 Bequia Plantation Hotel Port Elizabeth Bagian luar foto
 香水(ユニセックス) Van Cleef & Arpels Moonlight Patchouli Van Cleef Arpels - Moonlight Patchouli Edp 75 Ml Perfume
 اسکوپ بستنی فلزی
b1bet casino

####################

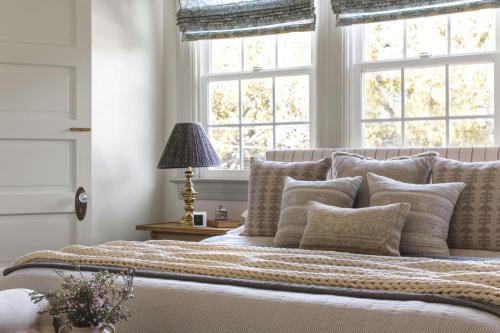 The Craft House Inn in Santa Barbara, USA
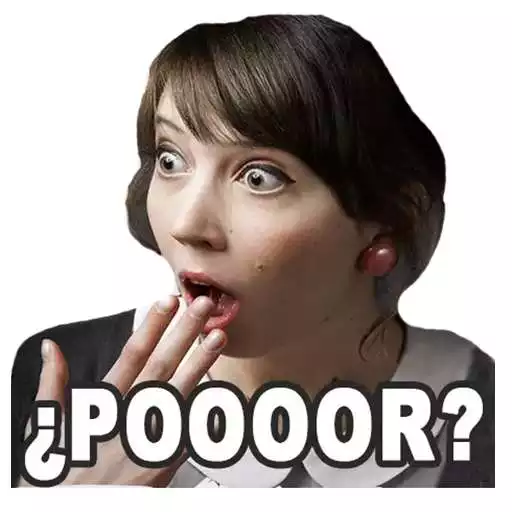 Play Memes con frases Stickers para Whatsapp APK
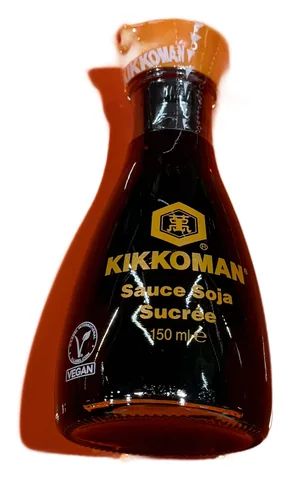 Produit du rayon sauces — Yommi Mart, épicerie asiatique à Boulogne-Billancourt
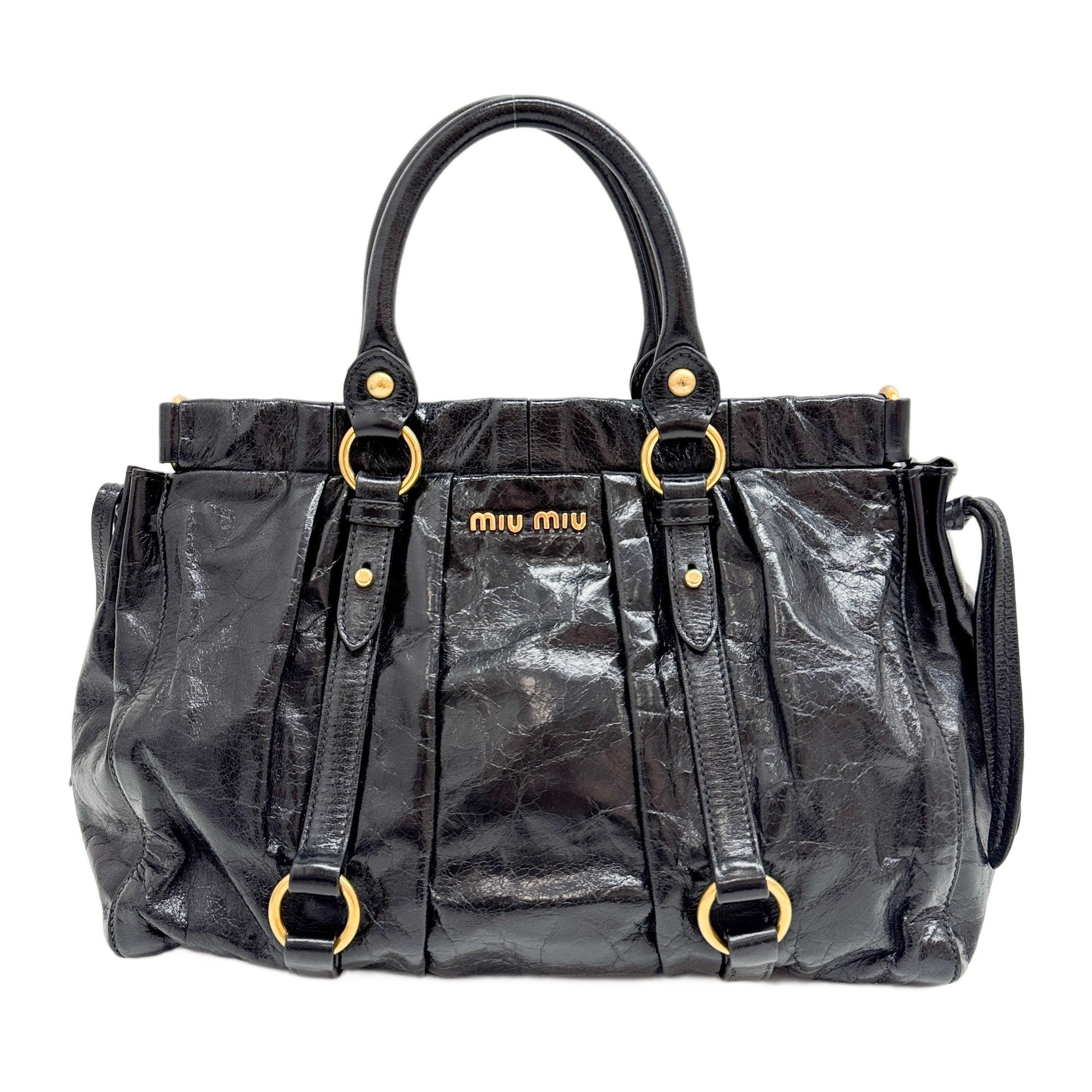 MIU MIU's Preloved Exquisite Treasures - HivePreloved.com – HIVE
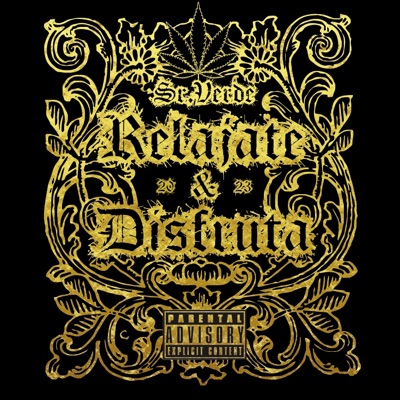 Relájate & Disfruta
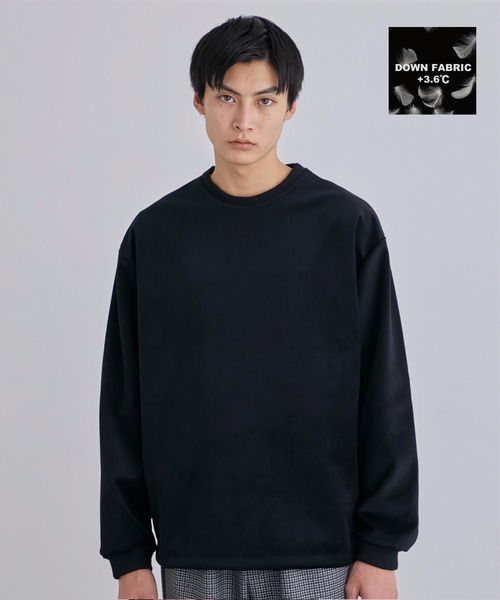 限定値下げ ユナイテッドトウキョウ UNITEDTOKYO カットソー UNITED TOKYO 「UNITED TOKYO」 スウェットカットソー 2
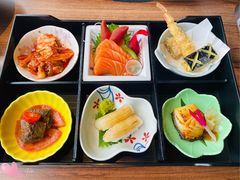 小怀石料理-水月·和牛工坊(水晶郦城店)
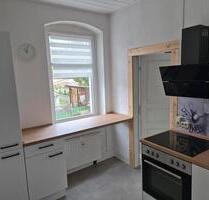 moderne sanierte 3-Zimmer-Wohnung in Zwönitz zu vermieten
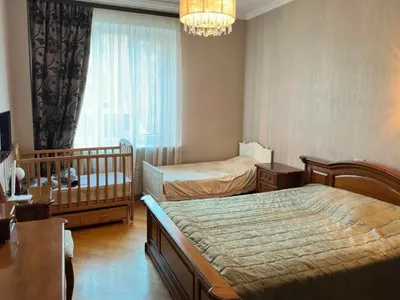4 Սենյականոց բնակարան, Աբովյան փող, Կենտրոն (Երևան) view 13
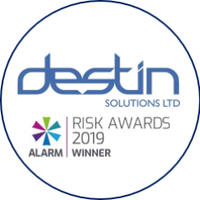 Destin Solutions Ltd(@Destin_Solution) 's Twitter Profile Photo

####################

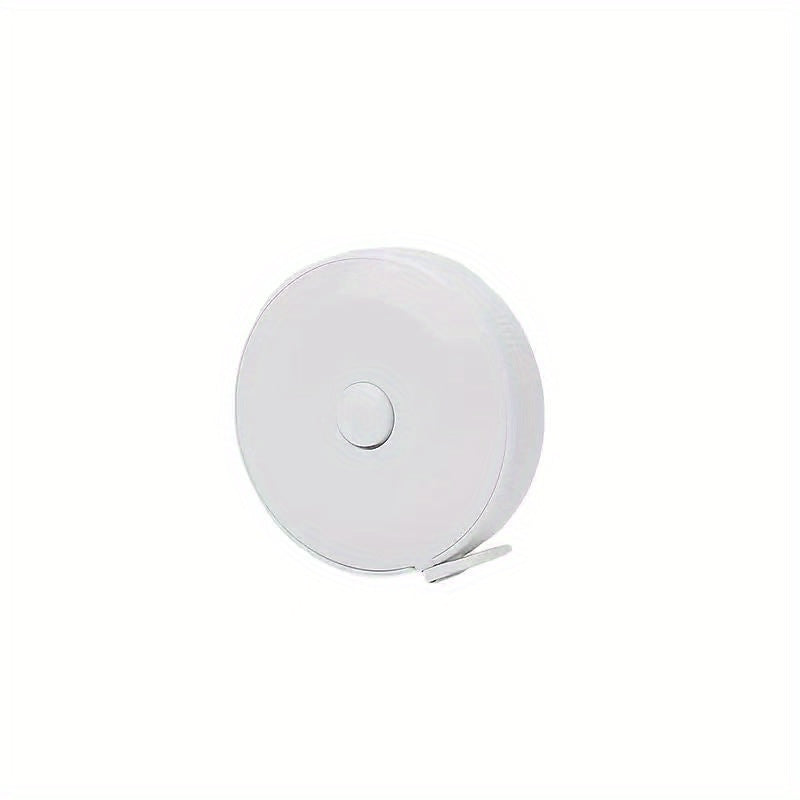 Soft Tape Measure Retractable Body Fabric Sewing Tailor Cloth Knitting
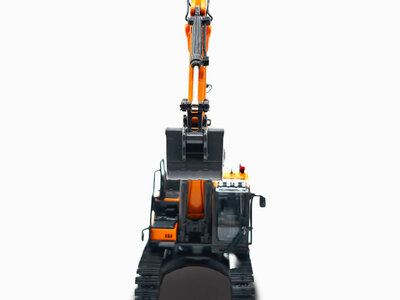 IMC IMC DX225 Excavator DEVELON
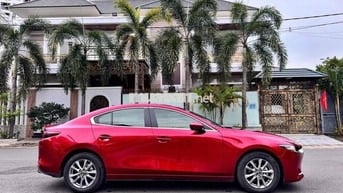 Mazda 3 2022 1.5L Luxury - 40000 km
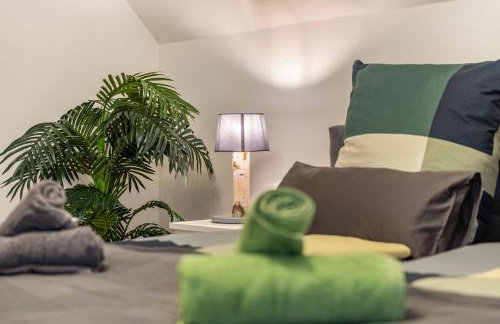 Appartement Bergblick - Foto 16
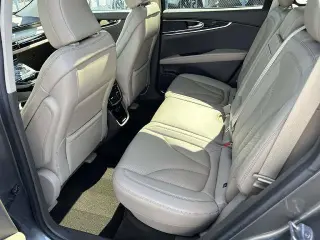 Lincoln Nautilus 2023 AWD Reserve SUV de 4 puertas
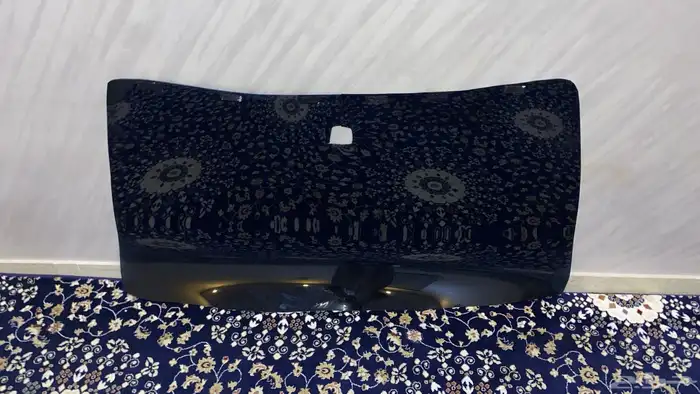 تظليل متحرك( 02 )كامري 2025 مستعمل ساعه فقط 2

####################

Your task –
Leave out every picture, and copy exactly the lines above starting at the one holding "Mazda 3 2022 1.5L Luxury - 40000 km" and ending at the one holding "تظليل متحرك( 02", no more and no less.

Output for this exercise –
 Mazda 3 2022 1.5L Luxury - 40000 km
 Appartement Bergblick - Foto 16
 Lincoln Nautilus 2023 AWD Reserve SUV de 4 puertas
 تظليل متحرك( 02 )كامري 2025 مستعمل ساعه فقط 2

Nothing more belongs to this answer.